Alternatives in Luxembourg
AuM in alternative investment funds continue to grow, as investors look for new avenues to identify yields in the current low interest rate environment. “As a fund centre, Luxembourg is second only to the US. Luxembourg continues to lead Europe with a 36% share of AUM by UCITS funds. In the alternative sphere, Luxembourg represents 10.5% of the European market, or 568 billion euro. 235 AIF Managers have been authorised by the country’s regulator – the Commission de Surveillance du Secteur Financier (CSSF) and 605 AIFM’s have registered with the CSSF. Luxembourg is also more and more a centre of fund administration for non-Luxembourg funds, including alternative funds established in other European and non-European countries, especially for real estate and private equity.
The pan-EU marketing passport provided under AIFMD has been taken up with interest by fund managers and this is something that will benefit Luxembourg’s many thriving third party AIF and UCITS management companies,” said Denise Voss, Chairman of ALFI.

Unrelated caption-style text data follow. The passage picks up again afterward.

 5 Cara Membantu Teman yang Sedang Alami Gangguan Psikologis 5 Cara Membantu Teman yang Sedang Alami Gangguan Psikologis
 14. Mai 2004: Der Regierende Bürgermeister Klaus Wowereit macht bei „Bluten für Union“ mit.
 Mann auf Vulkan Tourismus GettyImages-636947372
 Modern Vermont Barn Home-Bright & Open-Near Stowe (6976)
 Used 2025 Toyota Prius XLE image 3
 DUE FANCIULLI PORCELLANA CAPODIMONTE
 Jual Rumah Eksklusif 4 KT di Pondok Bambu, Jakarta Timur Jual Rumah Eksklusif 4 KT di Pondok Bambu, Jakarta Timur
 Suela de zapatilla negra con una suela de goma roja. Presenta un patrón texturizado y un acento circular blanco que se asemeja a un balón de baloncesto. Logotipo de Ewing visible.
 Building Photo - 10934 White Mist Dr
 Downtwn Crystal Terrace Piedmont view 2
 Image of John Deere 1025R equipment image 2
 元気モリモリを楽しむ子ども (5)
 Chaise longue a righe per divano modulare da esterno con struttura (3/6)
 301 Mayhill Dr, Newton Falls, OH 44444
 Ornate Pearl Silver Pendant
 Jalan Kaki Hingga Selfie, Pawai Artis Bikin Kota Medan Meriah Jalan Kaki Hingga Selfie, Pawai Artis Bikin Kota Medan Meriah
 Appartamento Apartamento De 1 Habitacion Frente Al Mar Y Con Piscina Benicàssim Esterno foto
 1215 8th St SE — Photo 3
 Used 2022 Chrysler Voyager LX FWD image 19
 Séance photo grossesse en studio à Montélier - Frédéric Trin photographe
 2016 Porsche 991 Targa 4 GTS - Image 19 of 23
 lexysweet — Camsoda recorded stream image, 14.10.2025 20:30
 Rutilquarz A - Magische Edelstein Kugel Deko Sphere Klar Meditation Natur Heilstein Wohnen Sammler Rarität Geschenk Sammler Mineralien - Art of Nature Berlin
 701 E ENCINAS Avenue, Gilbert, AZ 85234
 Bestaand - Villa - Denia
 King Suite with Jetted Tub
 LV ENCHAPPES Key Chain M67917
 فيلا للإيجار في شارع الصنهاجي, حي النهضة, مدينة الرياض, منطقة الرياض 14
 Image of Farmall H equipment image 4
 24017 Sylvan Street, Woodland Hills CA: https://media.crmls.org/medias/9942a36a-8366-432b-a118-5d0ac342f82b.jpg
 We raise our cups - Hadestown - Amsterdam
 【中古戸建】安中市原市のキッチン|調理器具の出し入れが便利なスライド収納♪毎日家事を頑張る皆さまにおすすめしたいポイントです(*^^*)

Denise Voss, Chairman of ALFI
Brexit presents huge challenges for UK-based UCITS or AIFMs, who risk being unable to market to EU investors post-Brexit. Potentially devoid of single market access and passporting rights, UK managers of UCITS or AIFs selling to EU investors need to consider how their businesses are structured going forward. The most logical immediate response – given all of the vagueness and ambiguity surrounding any Brexit outcome – would be for fund managers to ensure they retain market access whatever the result. This can be achieved by working with a third party management company, an entity which can legally manage the fund but will delegate portfolio management back to the manager itself. Such ‘Mancos’ are in abundance in Luxembourg, having successfully serviced the UCITS industry for many years, so they are well positioned to help AIFs.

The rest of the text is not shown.